Not having all the data, data of poor quality, incomplete data, and non-standardized data would cause problems when trying to extract meaningful information. In order to be able to sort through data and make something meaningful out of it, I would have to assume that all the information was accurate and valid unless I had some information to tell me otherwise. By this I mean if I were given data to sort through, I would assume the information is unadultered. If the data was somehow doctored, than a complete and accurate composition would not be possible without some degree of uncertainty.
The DBMS, database management system, allows users to create, edit, store, update, delete, and most importantly organize and make use of data that would otherwise be unused or inaccessible to company employees or anyone for that matter. I feel this type of organization system is exrememly important and useful and if used efficiently can become a necessary asset to a corporation. As shown in the reading, it can be a very useful tool for inventory, mailing lists, etc., but when looking at the data that is being gathered and submitted in these systems, there can be problems.

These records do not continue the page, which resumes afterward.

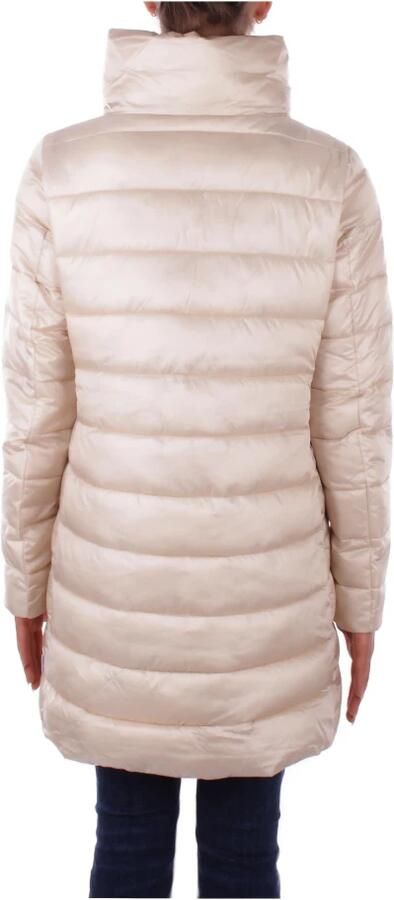 Save The Duck Glanzende Nylon Jas met Ritssluiting Beige Dames - Foto 6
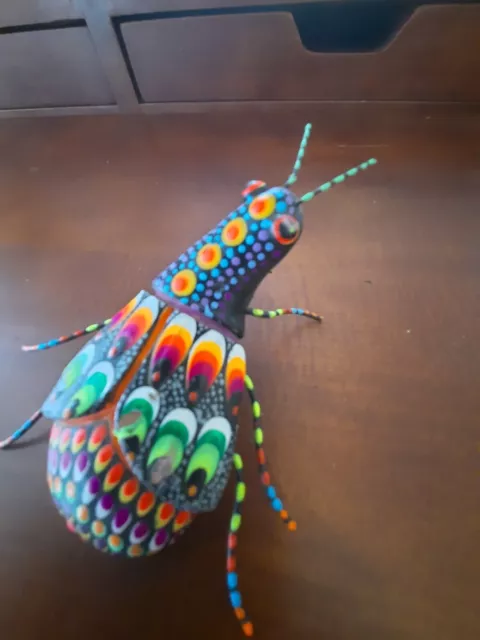 Whimsical Weevil Bug by Concepcion Aguilar Josefina Oaxaca Mexico Insect Clay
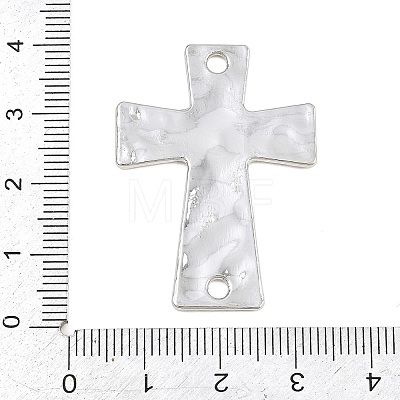 Textured Brass Connector Charm KK-CBA95AE-02B-P-1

When looking at the questions of: What are some problems that might occur when extracting meaningful data? I think trying to keep data valid can be a difficult task if one allows for their own toughts/viewpoints conflict with data collected. I would try to minimize the risk of my own bias being involved with whatever I was trying to obtain information for would be to ask others if they felt the questions were fair and non-judgmental. The subjects answer in response to a question will probably have some bias to them. Everyone views things differently, so trying to minimize participant bias, I think would be extremely difficult. As for incomplete data, I would eliminate that all together from my data pool.
When extracting and analyzing data you must know what you need the data for, which will help you pick out what you need from a particular set of data. The data that you determine is useful for what ever reason must also be complete. If your data is missing important features to it then you won’t be able to interpret it as well as you probably should. The size and source of your data could also cause a problem with increasing your chances of using the wrong material causing a waist of time and resources that could be limited.

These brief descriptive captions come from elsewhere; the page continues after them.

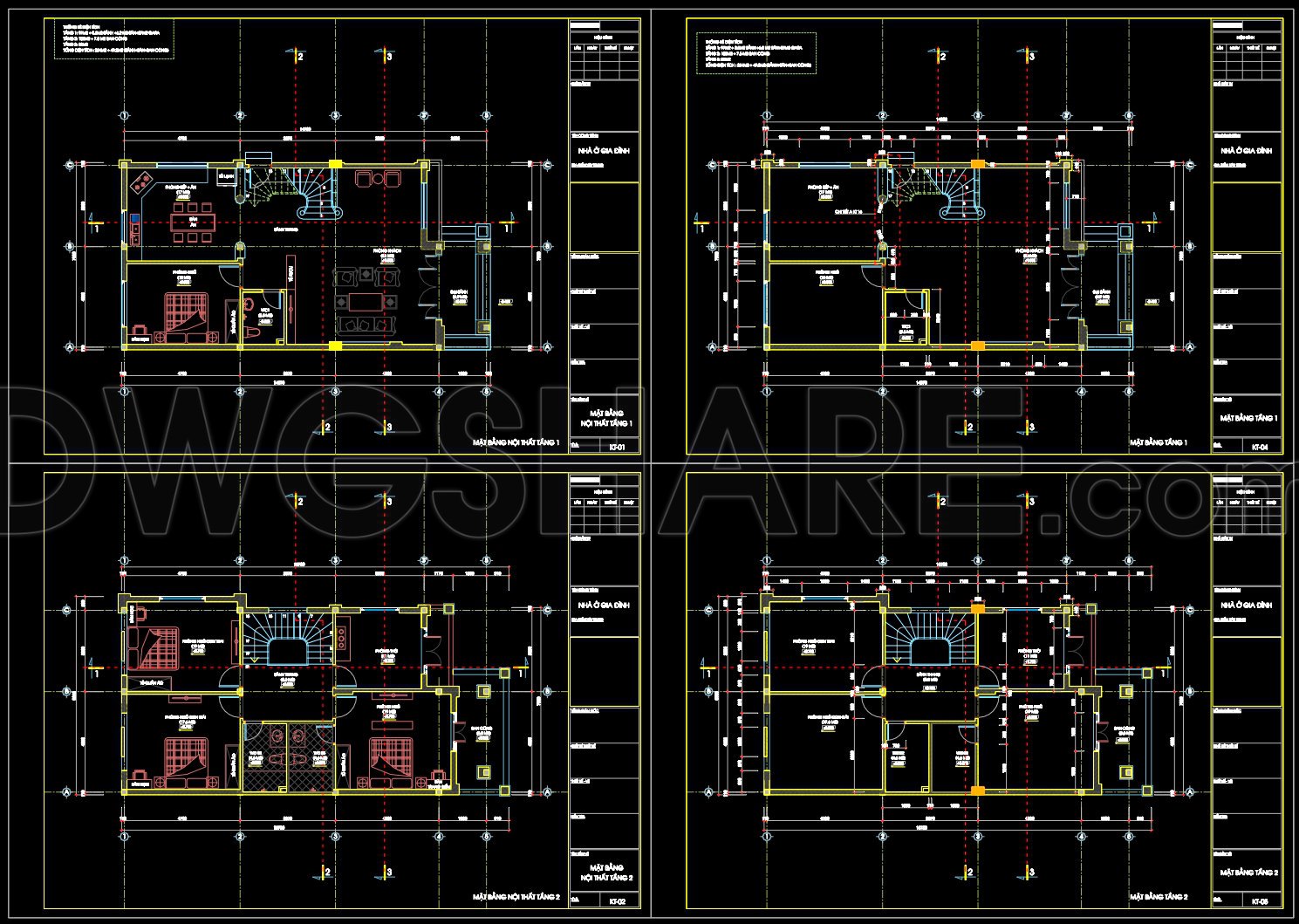 578. 3-Story Neoclassical House Architectural Plans – CAD Drawings (2)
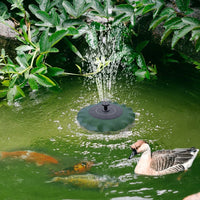 Solar Springbrunnen Lotusblatt Schwimmende Gartenpumpe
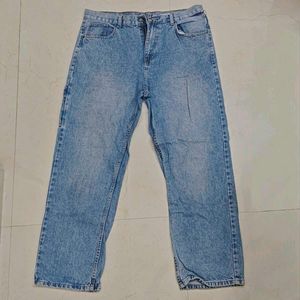Zudio Baggy Jeans | Light Wash Denim | Waist 36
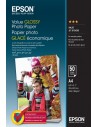 Epson Value Glossy Photo Pack de 50 Hojas de Papel Fotografico - A4 - Gramaje de 183g m2 - Acabado Brillante - Compatible con
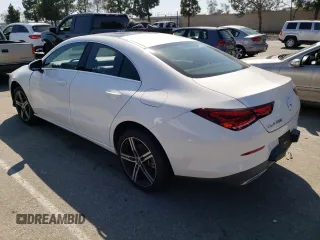 2020 Mercedes-Benz CLA with VIN W1K5J4GB8LN123611, listed as a Copart auction lot 46626543 with 25,331 mi miles. Bid and sale history available at carsss.com. Image 2.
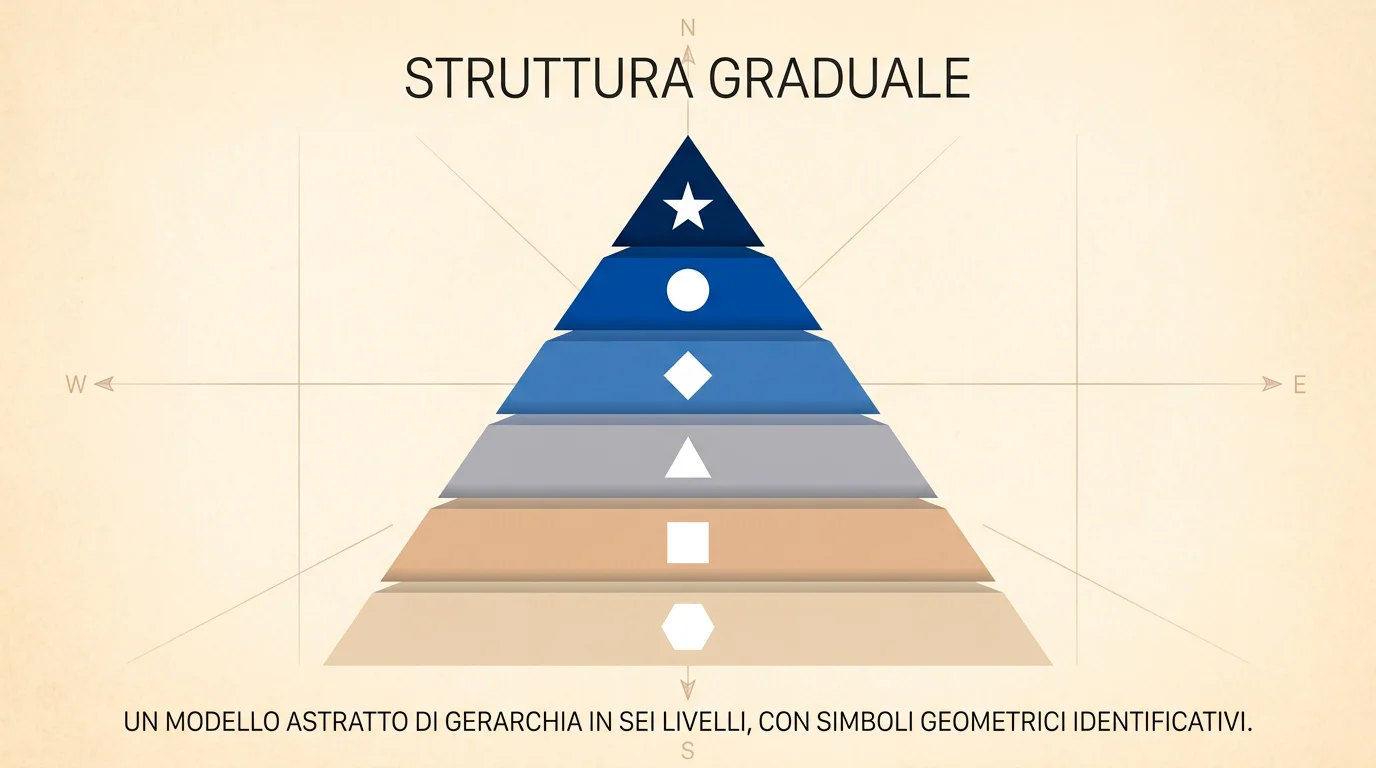 Schema piramidale che rappresenta la gerarchia di affidabilità delle licenze di gioco a distanza estere usate dai casino non AAMS rivolti all Italia.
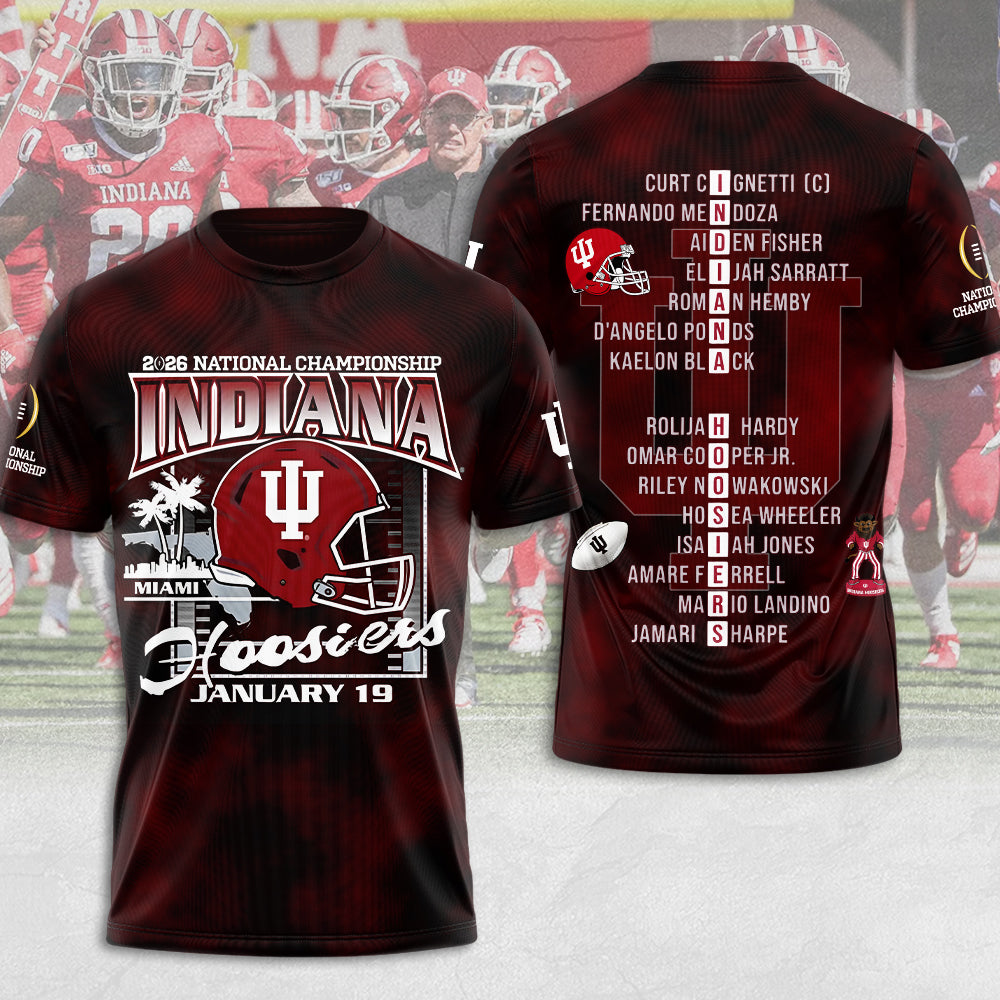 Indiana Hoosiers Football 3D Apparel – MAITM14404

When we are trying to extract meaningful data, there might be the subjective basis from the interpreters that influence the finding. For example, when the experts are hired by the company to extract information for them, there might be a basis since they are paid to do so.

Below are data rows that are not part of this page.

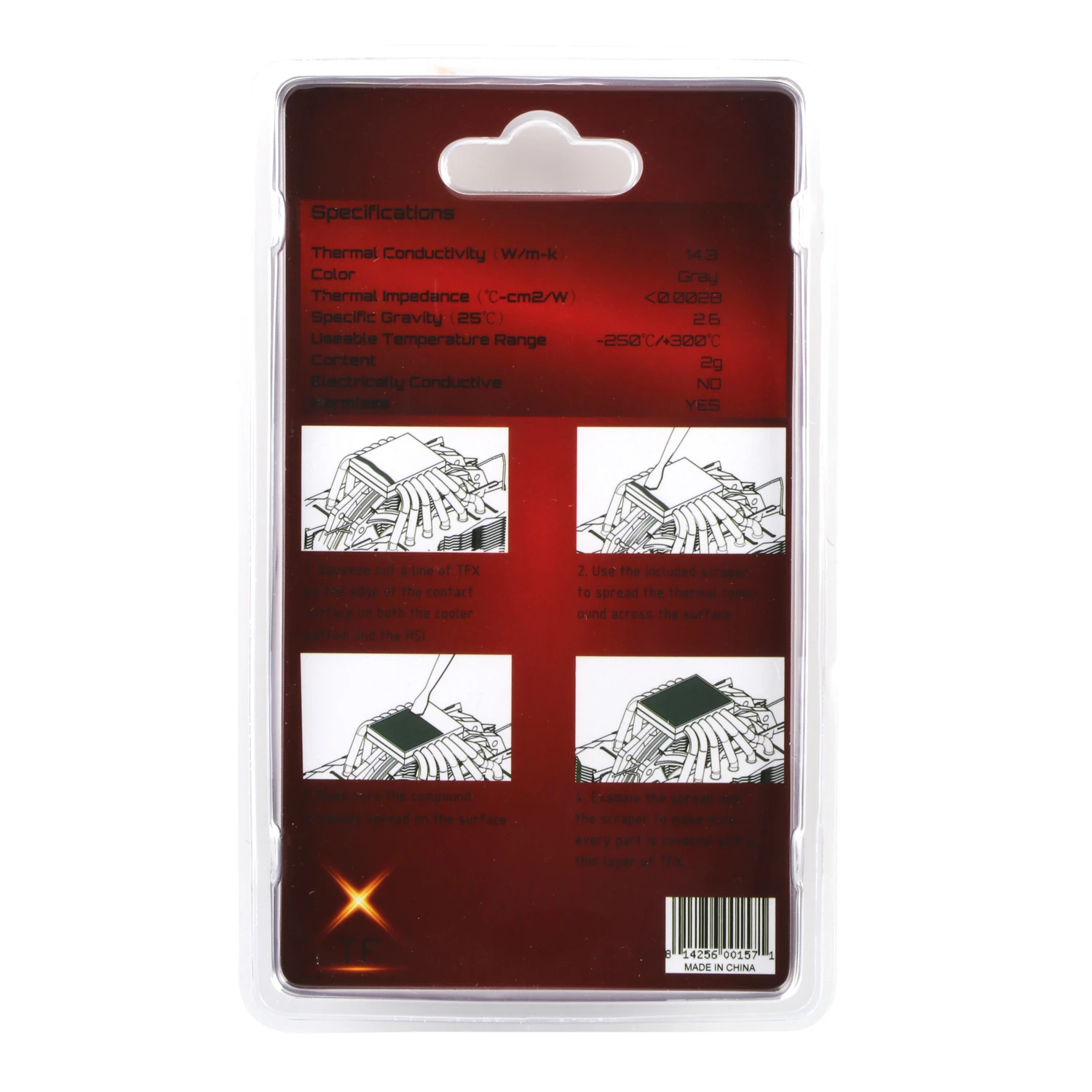 Термо паста Thermalright TFX Thermal compound 2g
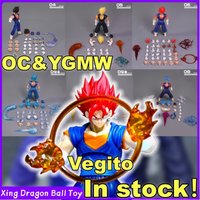 【24-hour Shipping!】OC&YGMW Studio Dragon Ball Z SHF 04-09A/B Super Saiyan Ultimate Fusion Warrior Vegito 1/12action Figure Toy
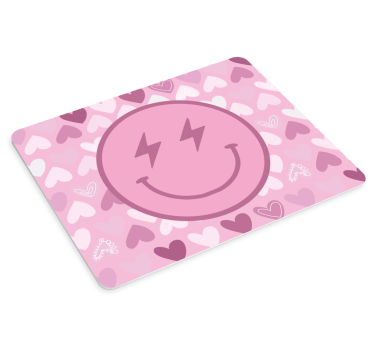 Mouse pad original patrón de corazones sonrientes - TenVinilo
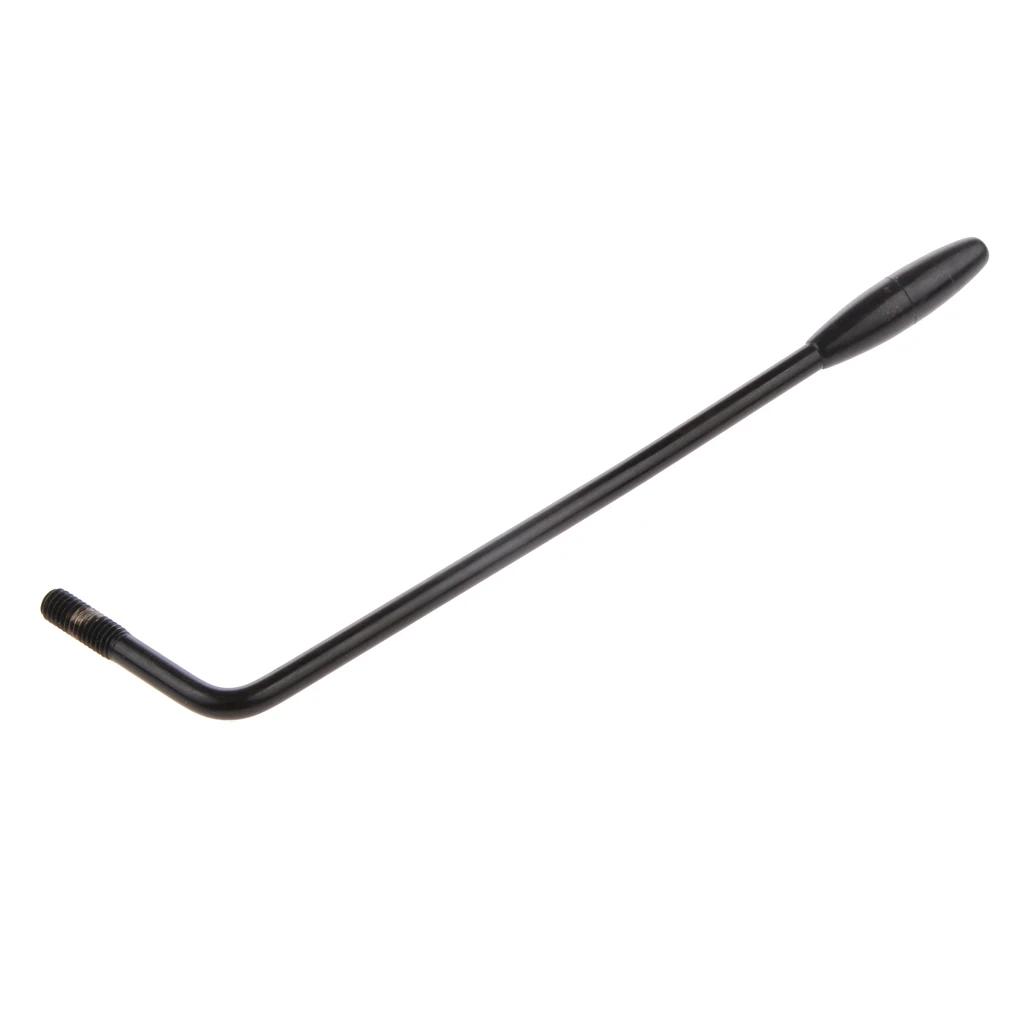 6mm Electric Guitar Tremolo Arm Whammy Bar w/ Black Cap Single Shaking Electric Guitar Crank Lever Single Tremolo Bridge System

Another problem that might occur is the Auspices bias, which is the response of the subjects caused by the respondents being influenced by the organization conducting the study. For instance, when the Gun Association is doing the research on the ‘gun usage’, their result would be very different when the research is done by Welfare Department. Hence, people tend to be influenced by the organization, which conducts the survey.
In order to extract valid and reliable data, I would plan to conduct the survey avoiding the biases in the interpreter and the Auspices bias. I would well train the interpreters and provide guidelines and rules for interpreting the results. Another possibility to avoid interpreters biased is letting outside marketing research company do the job. Also, I would send out anonymous group for conducting the survey. So the respondents will not be influenced by the organization during the interview.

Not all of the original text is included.